Short web captions
+++

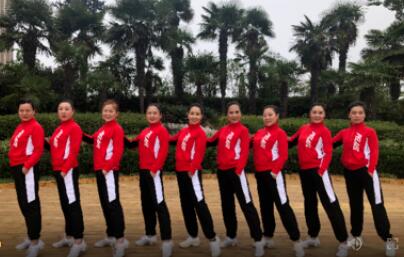 美久广场舞《爱情的力量》网红流行32步步子舞 背面演示及分解教学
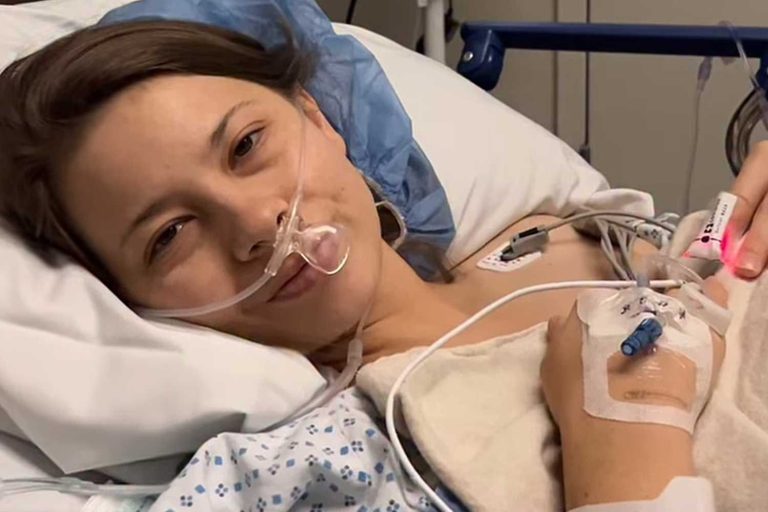Bindi Irwin Hospital 051225 75607a1c210448ada00ab18895f2a9ff.jpg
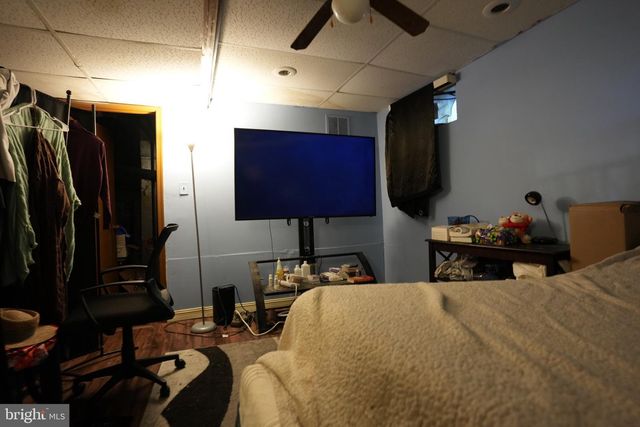 5 TUDOR CT, Ewing, NJ 08628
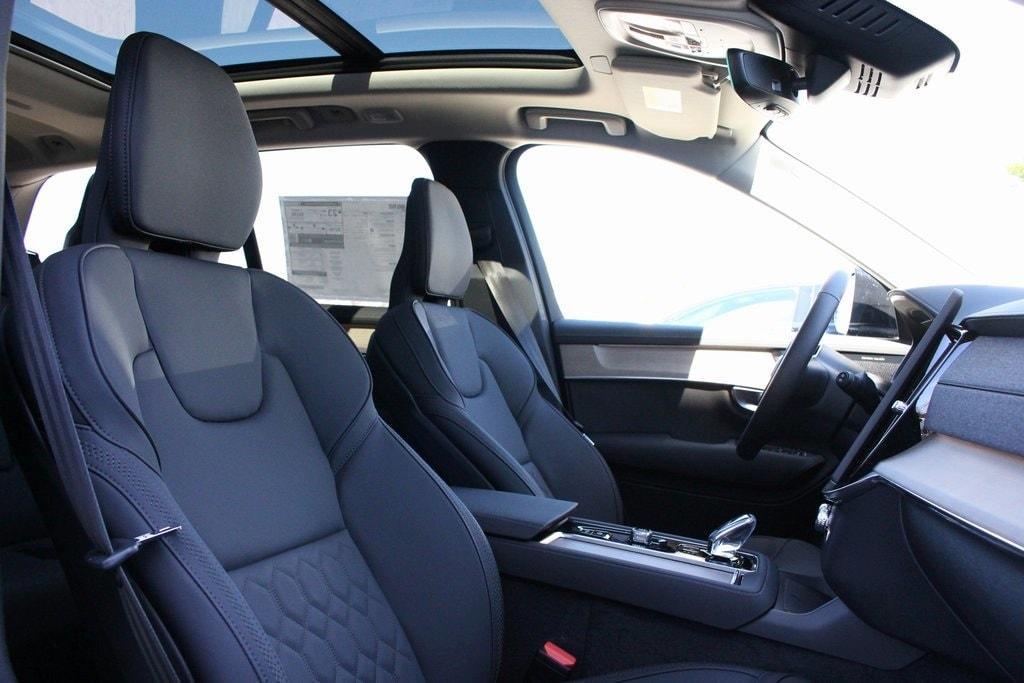 new 2025 Volvo XC90 car, priced at $68,155
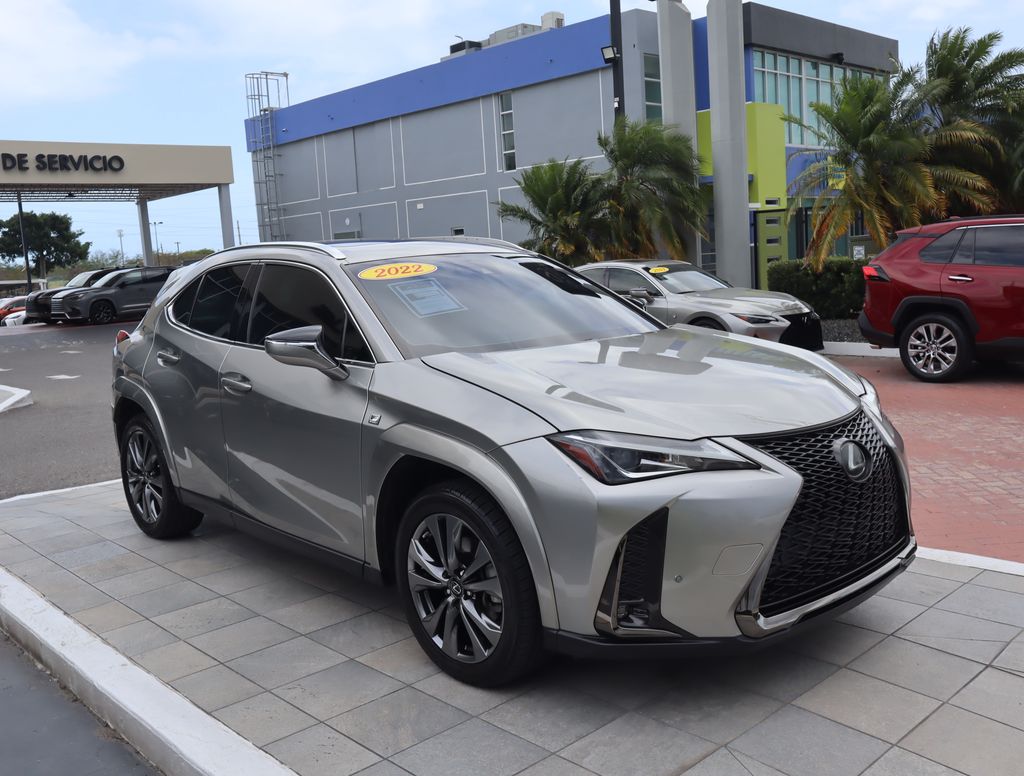 Thumbnail: 2022 Lexus UX - 3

+++

WHAT IS REQUIRED: Your copy of the entries should be exact and free of pictures.

PROBLEM SOLUTION:
 美久广场舞《爱情的力量》网红流行32步步子舞 背面演示及分解教学
Bindi Irwin Hospital 051225 75607a1c210448ada00ab18895f2a9ff.jpg
 5 TUDOR CT, Ewing, NJ 08628
 new 2025 Volvo XC90 car, priced at $68,155
 Thumbnail: 2022 Lexus UX - 3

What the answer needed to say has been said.